▶ [STUDY MATERIAL]
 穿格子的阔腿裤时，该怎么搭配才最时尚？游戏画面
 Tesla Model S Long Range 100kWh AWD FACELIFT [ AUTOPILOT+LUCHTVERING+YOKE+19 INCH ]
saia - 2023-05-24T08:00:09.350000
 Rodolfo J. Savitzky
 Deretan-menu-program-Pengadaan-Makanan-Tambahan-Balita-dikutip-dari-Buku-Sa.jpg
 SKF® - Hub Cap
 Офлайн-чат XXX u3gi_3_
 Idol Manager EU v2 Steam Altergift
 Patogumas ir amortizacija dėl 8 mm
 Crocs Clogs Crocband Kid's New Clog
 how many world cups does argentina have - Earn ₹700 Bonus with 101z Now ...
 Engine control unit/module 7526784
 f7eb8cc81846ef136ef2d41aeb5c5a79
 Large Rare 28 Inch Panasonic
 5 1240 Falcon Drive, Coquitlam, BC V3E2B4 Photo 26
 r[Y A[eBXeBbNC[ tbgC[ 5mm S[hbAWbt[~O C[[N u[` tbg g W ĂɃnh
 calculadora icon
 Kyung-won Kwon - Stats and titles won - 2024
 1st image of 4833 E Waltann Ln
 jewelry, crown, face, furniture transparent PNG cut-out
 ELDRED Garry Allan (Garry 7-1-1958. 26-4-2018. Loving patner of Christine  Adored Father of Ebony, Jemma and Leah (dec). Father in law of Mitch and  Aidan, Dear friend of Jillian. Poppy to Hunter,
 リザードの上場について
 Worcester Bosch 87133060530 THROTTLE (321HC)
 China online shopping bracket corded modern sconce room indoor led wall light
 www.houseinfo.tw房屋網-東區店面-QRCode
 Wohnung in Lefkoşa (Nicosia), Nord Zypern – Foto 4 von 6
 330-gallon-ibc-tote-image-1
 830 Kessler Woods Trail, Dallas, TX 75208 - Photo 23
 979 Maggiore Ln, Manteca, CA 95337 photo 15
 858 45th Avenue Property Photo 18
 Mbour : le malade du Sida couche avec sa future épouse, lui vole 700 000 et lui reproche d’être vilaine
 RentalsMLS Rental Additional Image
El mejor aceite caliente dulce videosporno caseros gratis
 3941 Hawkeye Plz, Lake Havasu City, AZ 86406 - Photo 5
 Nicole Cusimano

▶ [ASSIGNMENT]
Set down the lines of the records exactly, from the first one through the line containing "China online shopping", and add nothing else.

▶ [SOLUTION]
 穿格子的阔腿裤时，该怎么搭配才最时尚？游戏画面
 Tesla Model S Long Range 100kWh AWD FACELIFT [ AUTOPILOT+LUCHTVERING+YOKE+19 INCH ]
saia - 2023-05-24T08:00:09.350000
 Rodolfo J. Savitzky
 Deretan-menu-program-Pengadaan-Makanan-Tambahan-Balita-dikutip-dari-Buku-Sa.jpg
 SKF® - Hub Cap
 Офлайн-чат XXX u3gi_3_
 Idol Manager EU v2 Steam Altergift
 Patogumas ir amortizacija dėl 8 mm
 Crocs Clogs Crocband Kid's New Clog
 how many world cups does argentina have - Earn ₹700 Bonus with 101z Now ...
 Engine control unit/module 7526784
 f7eb8cc81846ef136ef2d41aeb5c5a79
 Large Rare 28 Inch Panasonic
 5 1240 Falcon Drive, Coquitlam, BC V3E2B4 Photo 26
 r[Y A[eBXeBbNC[ tbgC[ 5mm S[hbAWbt[~O C[[N u[` tbg g W ĂɃnh
 calculadora icon
 Kyung-won Kwon - Stats and titles won - 2024
 1st image of 4833 E Waltann Ln
 jewelry, crown, face, furniture transparent PNG cut-out
 ELDRED Garry Allan (Garry 7-1-1958. 26-4-2018. Loving patner of Christine  Adored Father of Ebony, Jemma and Leah (dec). Father in law of Mitch and  Aidan, Dear friend of Jillian. Poppy to Hunter,
 リザードの上場について
 Worcester Bosch 87133060530 THROTTLE (321HC)
 China online shopping bracket corded modern sconce room indoor led wall light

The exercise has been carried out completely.